### Directions
Please write out exactly the line containing "4121 Saltspring Drive, Ferndale, WA 98248" below and every line after it, through the last one, but leave out any pictures.

Image-caption web data:
##########

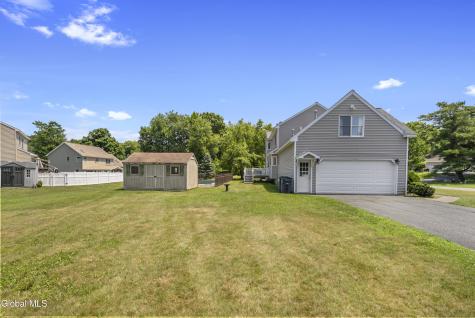 7 Ledgewood Drive Troy NY 12180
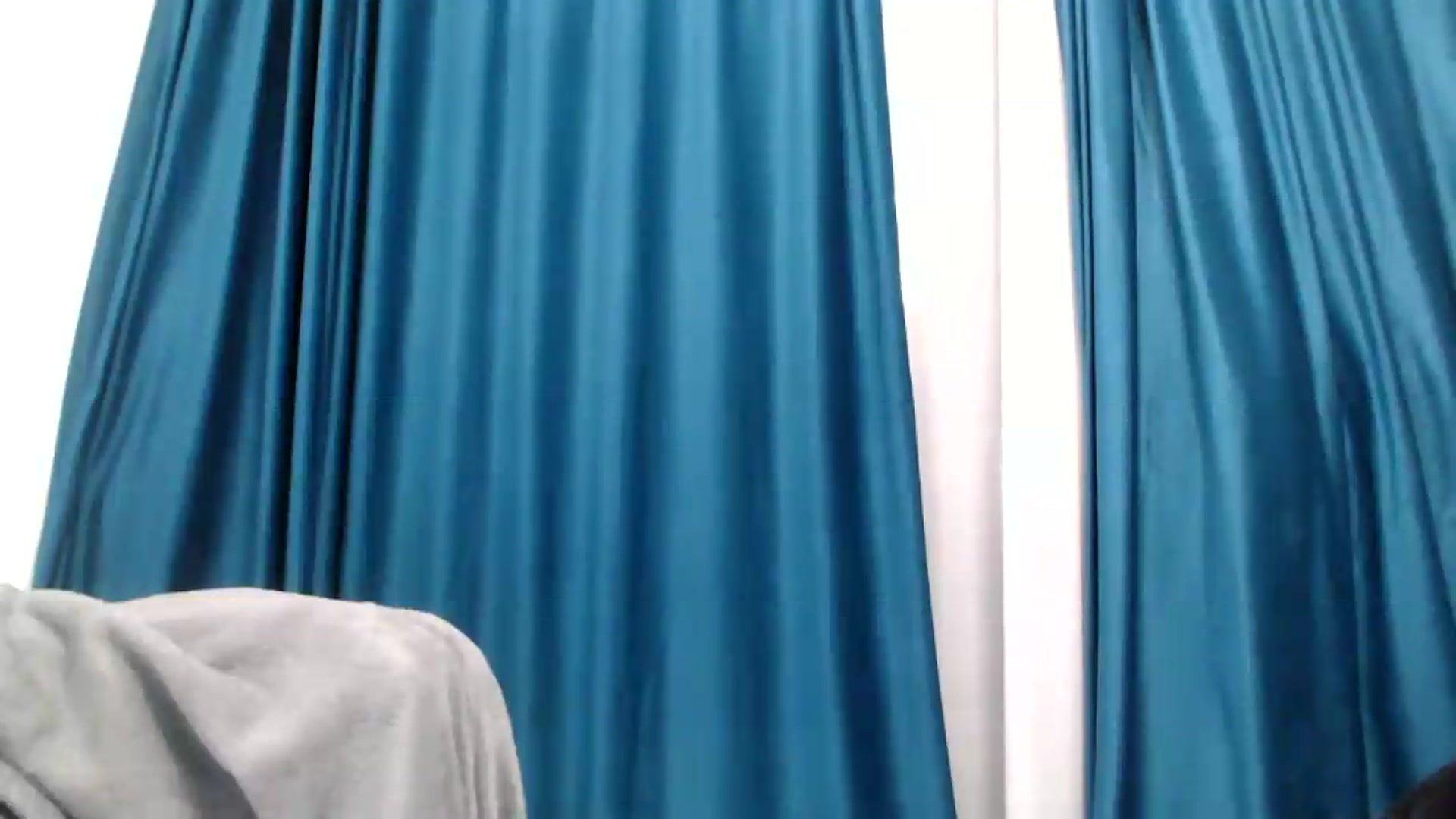 Gallery image thumbnail from MissDivinna's myfreecams stream on, 05/30/2026, 23:51 image 17 of 20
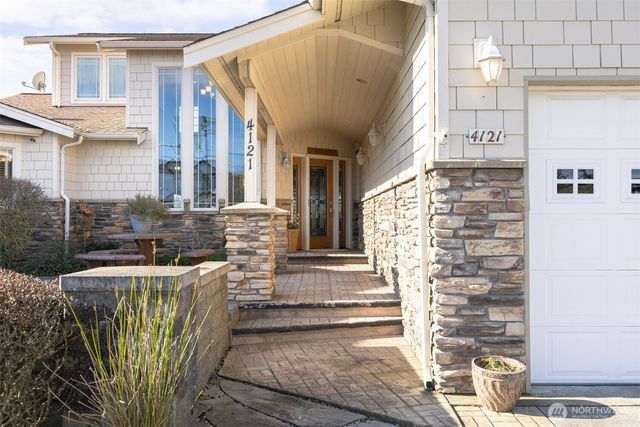 4121 Saltspring Drive, Ferndale, WA 98248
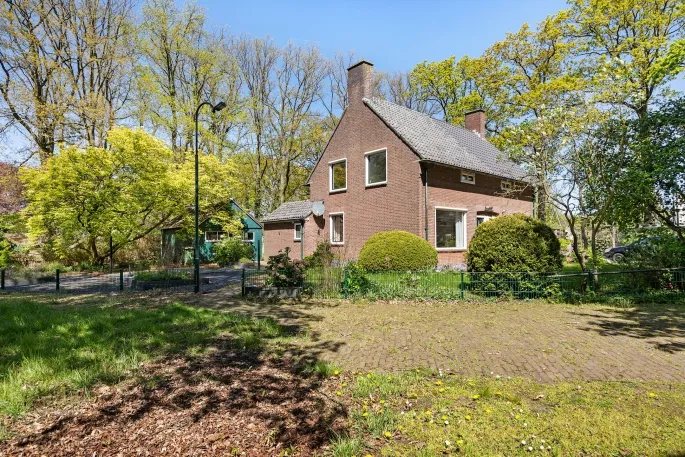 Twee-onder-één-kap te koop: Overmaatweg 51, Buurtschap Lonneker-West Enschede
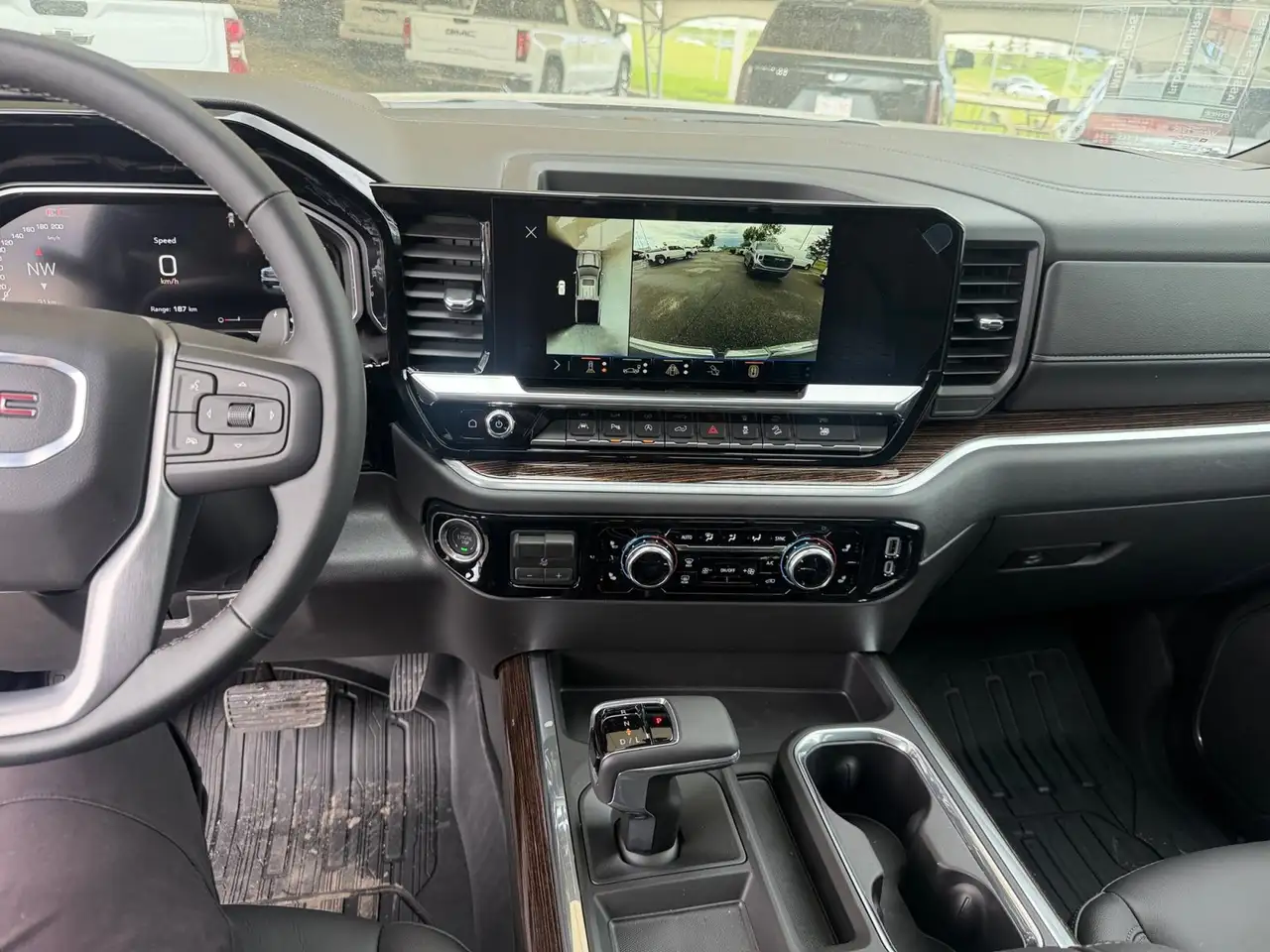 GMC Sierra 1500 photo GMC Sierra 1500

##########

### Answer for this exercise
 4121 Saltspring Drive, Ferndale, WA 98248
 Twee-onder-één-kap te koop: Overmaatweg 51, Buurtschap Lonneker-West Enschede
 GMC Sierra 1500 photo GMC Sierra 1500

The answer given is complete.